Kansas City killings

In Kansas City in May, 51-year-old David W. Logsdon killed two strangers in the parking lot of Ward Parkway Center before police shot him to death in the mall. Seven other people were injured.

Logsdon also was suspected in the beating death of his 67-year-old next-door neighbor, Patricia Ann Reed, a few days before the mall shootings. According to Police, Logsdon also shot and wounded an officer who had stopped Logsdon while using Reed's car hours before the mall shootings.

More missing children

The search for missing Independence siblings Sam and Lindsey Porter ended in September when their father, Dan Porter, led authorities to the children's remains.

Porter, already serving time for kidnapping the children in June 2004, now faces two counts of first-degree murder. A state appeals court, meanwhile, overturned his convictions on two counts of kidnapping with intent to terrorize his ex-wife, Tina Porter, while upholding his convictions on two counts of parental kidnapping.

Across the state in St. Charles County, the parents of 13-year-old Megan Meier revealed that she took her own life after being bullied on MySpace.
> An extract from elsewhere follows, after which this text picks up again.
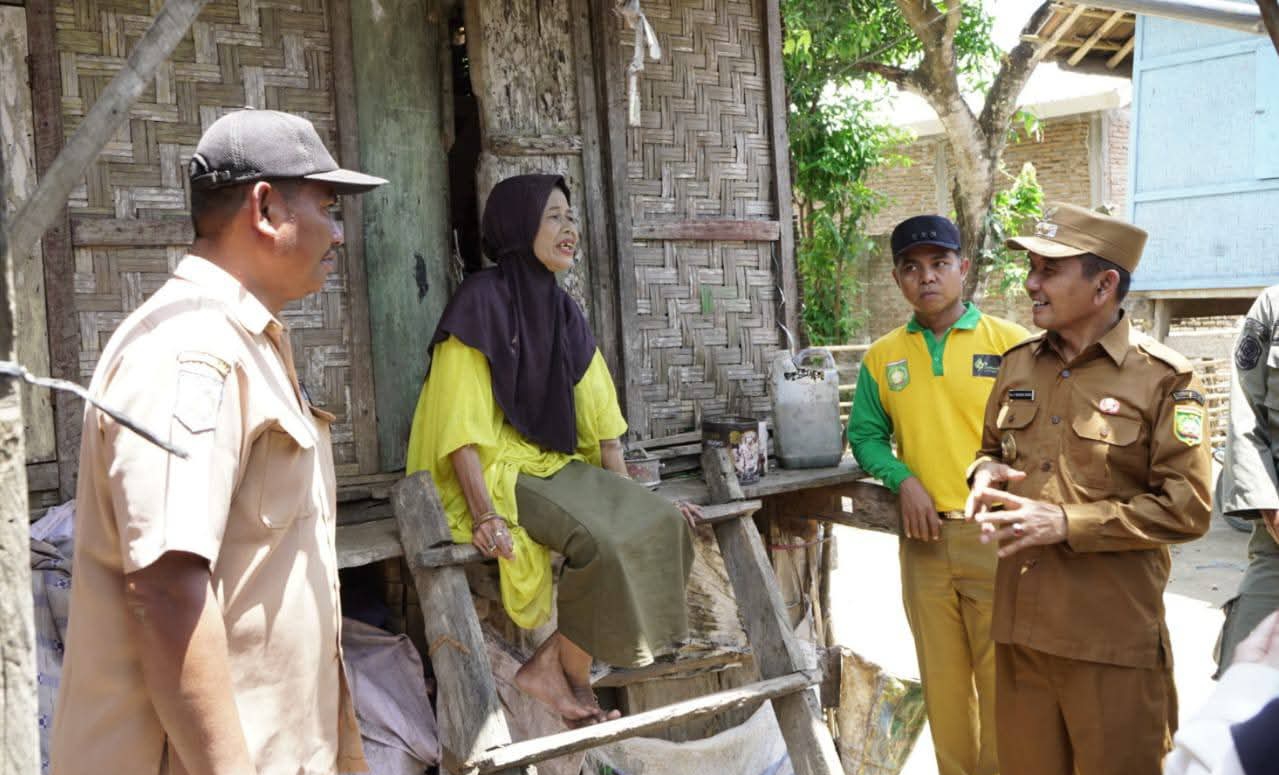 Wabup Ansori Tinjau RTLH di Desa Dete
Tina Meier said her daughter was taunted by "Josh," a fictional character created by a neighbor and two teenage girls. A local prosecutor said no charges would be filed in the case because creating the fake account did not violate state stalking laws.

Tina Meier is pushing for new laws to ban Internet harassment and a state task force is drafting a bill it hopes to pass next year.

In Jefferson City, interest groups got an early start on the 2008 campaign by filing potential ballot proposals limiting stem-cell research, affirmative action and abortion.

Gov. Matt Blunt and Attorney General Jay Nixon repeatedly took political potshots at each other, and both were hit by scandals.

After initially defending the practice, Nixon agreed to reimburse the state for taking his attorney general's car and staff on political trips. Although Missouri law prohibits using state vehicles for private purposes, Nixon had claimed it was justified for security reasons because he is always on official duty -- even when campaigning.

Blunt's office was rocked over its acknowledged deletion of some government e-mails, a practice it defended and noted also occurs in other government offices. Former governor's office attorney Scott Eckersley claimed he was fired after advising Blunt's office that e-mails could be considered public records.

Blunt's administration denied that assertion and responded by publicly criticizing Eckersley's character. Blunt ended up replacing his chief of staff, Ed Martin, who had been at the center of the e-mail controversy and Eckersley's firing.